Investors and entrepreneurs behind some of the world’s newest industries have started to put their money and tech talents into farming — the world’s oldest industry — with an audacious and ambitious agenda: to make sure there is enough food for the 10 billion people expected to inhabit the planet by 2100, do it without destroying the planet and make a pretty penny along the way.

Silicon Valley is pushing its way into every stage of the food-growing process, from tech tycoons buying up farmland to startups selling robots that work the fields to hackathons dedicated to building the next farming app.

“The food sector is wasteful and inefficient,” said Ali Partovi, a Bay Area investor with large stakes in sustainable agriculture startups. “Silicon Valley has a hubris that says, ‘That’s stupid. Let’s change it.'” The booming activity around the so-called “ag-tech” sector has led experts to predict that its growth, in terms of the number of new startups and venture capital investments, will in other five or so years outpace today’s hottest technologies. In the third quarter this year, venture capitalists and private equity firms invested $269 million into 41 deals in agriculture and food startups, the highest dollar amount ever in that sector and double the amount invested during the third quarter last year, according to data from the Cleantech Group. Since 2009, investments into this sector have grown an average 63 percent every year.

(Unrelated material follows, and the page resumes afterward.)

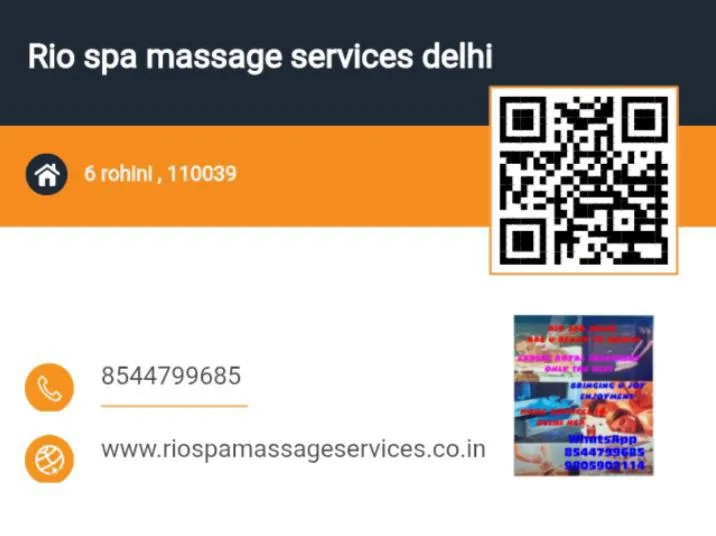 Rio spa massage services delhi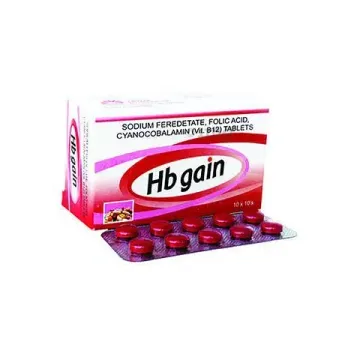 Hb Gain Tablet product image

“It’s going to be bigger than cloud software, it’s going to be bigger than Big Data, because everybody eats,” said Paul Matteucci, a partner with U.S. Venture Partners and founder of Feeding 10 Billion, a nonprofit center to help ag-tech entrepreneurs. “And it’s going to be completely entrepreneur led.”  Dozens of companies are creating technology to make farmland more productive and farming more efficient, using robots to trim lettuce or software to calculate grass production for cattle grazing. Others are tapping technology to find substitutes for meat, cheese and eggs, so less land is used to raise livestock, fewer greenhouse gas-spewing trucks are used to transport them, and fewer animals are subject to inhumane slaughter. VCs have propped up startups such as Hampton Creek, which sells mayonnaise and cookies that use plant products instead of eggs, and Impossible Foods, a Redwood City company making hamburgers and cheese without meat or dairy.

And Silicon Valley isn’t just making technology for farms — some of its highest-profile investors are buying farmland to have a hand in how farmers work their fields and influence the type of food that’s available for future generations of consumers. San Francisco-based Farmland LP, which buys farms and converts them into organic pasture that crop farmers and cattle and sheep ranchers share, has attracted some of the valley’s wealthiest investors, including Partovi, early PayPal investor and entrepreneur Scott Banister and former Facebook and Zynga executive Owen Van Natta. But the draw is more than a happy vision of free-roaming cows — many investors see farmland as a safe investment to balance volatile tech investments.

Farmers, for the most part, have welcomed Silicon Valley techies into their world of planting seasons and water woes. From Salinas to Fresno to Tracy, California farmers are increasingly tech-minded, running their fields from iPads and tracking soil moisture and nitrogen levels with cloud software programs, and they are hungry for more tech solutions that will bolster their land’s productivity and their bank account balance.